◆ Prompt:
Here the job is to transcribe the data exactly while omitting the images.

◆ Data extract:
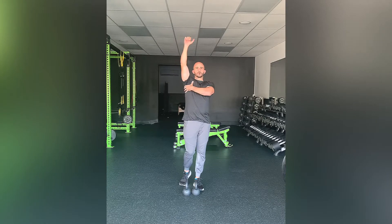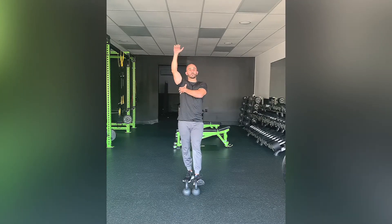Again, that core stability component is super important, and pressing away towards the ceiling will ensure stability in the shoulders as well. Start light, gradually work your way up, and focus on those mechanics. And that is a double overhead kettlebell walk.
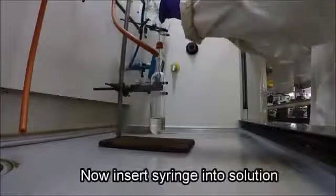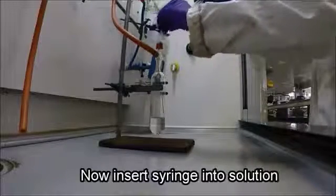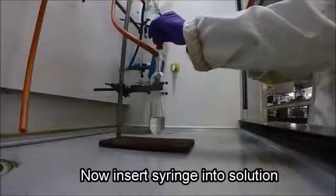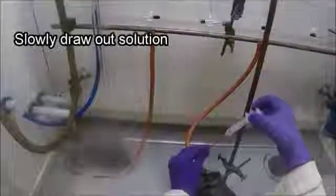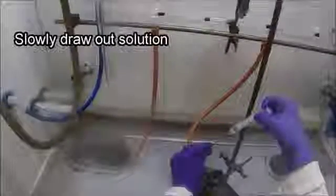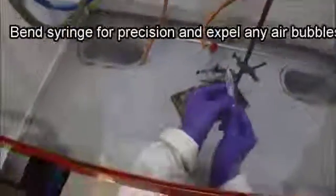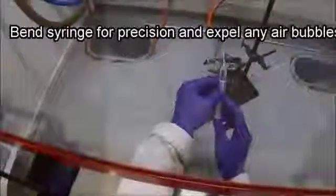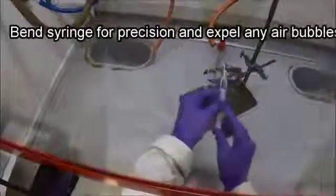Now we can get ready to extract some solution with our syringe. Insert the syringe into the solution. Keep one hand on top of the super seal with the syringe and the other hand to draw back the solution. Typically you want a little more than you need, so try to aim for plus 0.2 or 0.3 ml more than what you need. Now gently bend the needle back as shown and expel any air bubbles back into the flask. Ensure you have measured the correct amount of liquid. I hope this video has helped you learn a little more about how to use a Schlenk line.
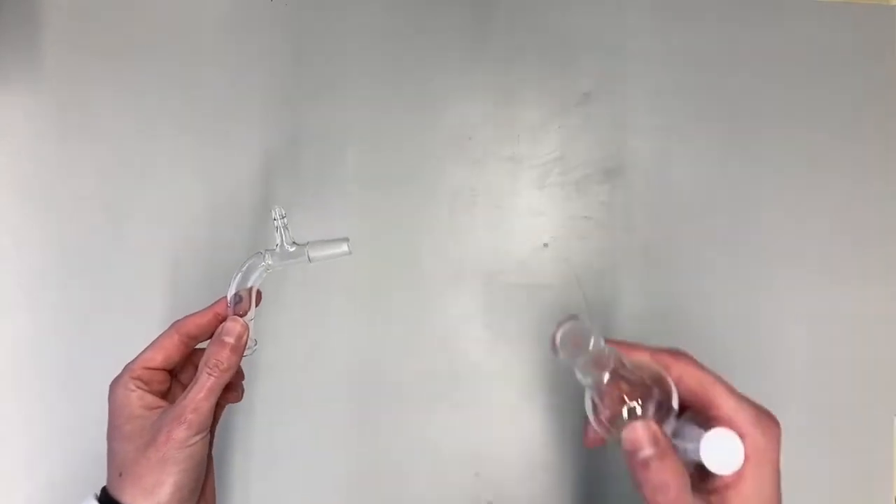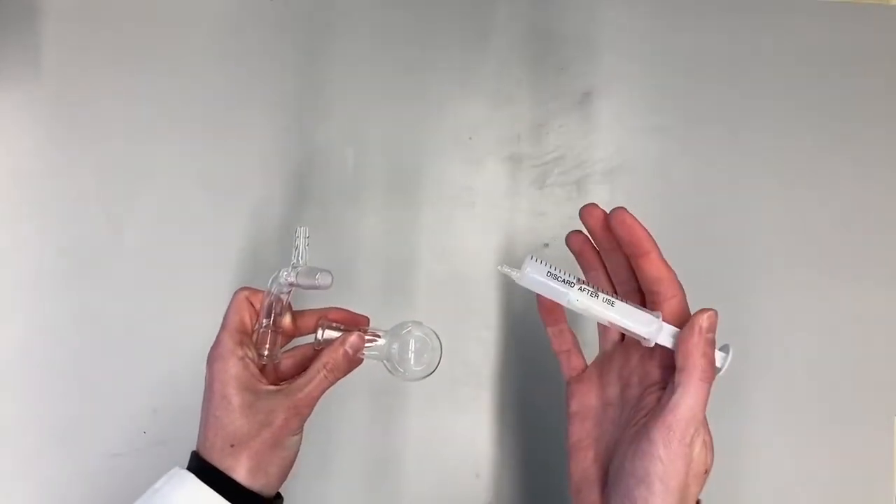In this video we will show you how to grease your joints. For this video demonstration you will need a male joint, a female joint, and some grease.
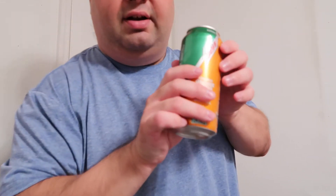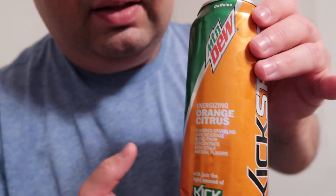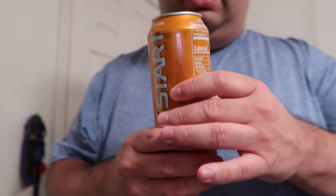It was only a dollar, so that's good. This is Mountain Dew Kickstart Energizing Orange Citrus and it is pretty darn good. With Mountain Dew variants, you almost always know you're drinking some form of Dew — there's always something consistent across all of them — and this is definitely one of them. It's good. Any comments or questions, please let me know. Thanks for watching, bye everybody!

◆ Your solution:
Again, that core stability component is super important, and pressing away towards the ceiling will ensure stability in the shoulders as well. Start light, gradually work your way up, and focus on those mechanics. And that is a double overhead kettlebell walk.
Now we can get ready to extract some solution with our syringe. Insert the syringe into the solution. Keep one hand on top of the super seal with the syringe and the other hand to draw back the solution. Typically you want a little more than you need, so try to aim for plus 0.2 or 0.3 ml more than what you need. Now gently bend the needle back as shown and expel any air bubbles back into the flask. Ensure you have measured the correct amount of liquid. I hope this video has helped you learn a little more about how to use a Schlenk line.
In this video we will show you how to grease your joints. For this video demonstration you will need a male joint, a female joint, and some grease.
It was only a dollar, so that's good. This is Mountain Dew Kickstart Energizing Orange Citrus and it is pretty darn good. With Mountain Dew variants, you almost always know you're drinking some form of Dew — there's always something consistent across all of them — and this is definitely one of them. It's good. Any comments or questions, please let me know. Thanks for watching, bye everybody!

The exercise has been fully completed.